Dick’s delivered earnings per share of 45 cents, which was a penny short of the estimated 46 cents a share and at the low-end of the guidance range. Net income for the quarter was $49.2 million; excluding a litigation settlement charge it was $51.9 million.
Net sales for the third quarter increased 7.6 percent to $1.64 billion an increase of 7.6 percent, but were shy of the FactSet estimate of $1.66 billion.
“Our positive same-store sales for the quarter reflected a strong back-to-school selling season tempered by slowing trends later in the quarter.
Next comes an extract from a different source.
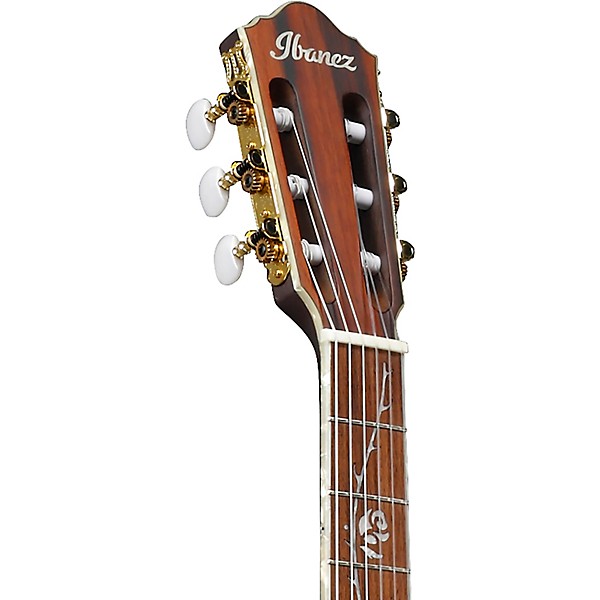 Ibanez TOD10N Tim Henson Signature Nylon Acoustic-Electric Guitar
Strength in athletic footwear, accessories and athletic apparel was moderated by the impact of record warm weather in more seasonal categories,” said Edward W. Stack, chairman and chief executive officer. “With strong operational discipline, we generated earnings per share within our guided range.”
It’s clear that the sport of golf is losing favor as sales at Golf Galaxy fell 2.9 percent. So far this year the company has closed three Golf Galaxy stores and relocated another one. In the third quarter, Dick’s opened 27 Sporting Goods stores and seven Field & Stream stores.
Looking ahead, the company expects full-year results for earnings per share to be in the range of $2.85 to $3.00, excluding the litigation settlement charge. Consolidated same-store sales are expected to be flat to an increase of 1 percent, which is lower than 2014’s increase of 2.4 percent.
Stack continued, “As we look to the fourth quarter, we anticipate a more promotional environment. Our focus will be to actively manage our inventory levels, while continuing to take the appropriate actions to win share and strengthen our business for the long-term.”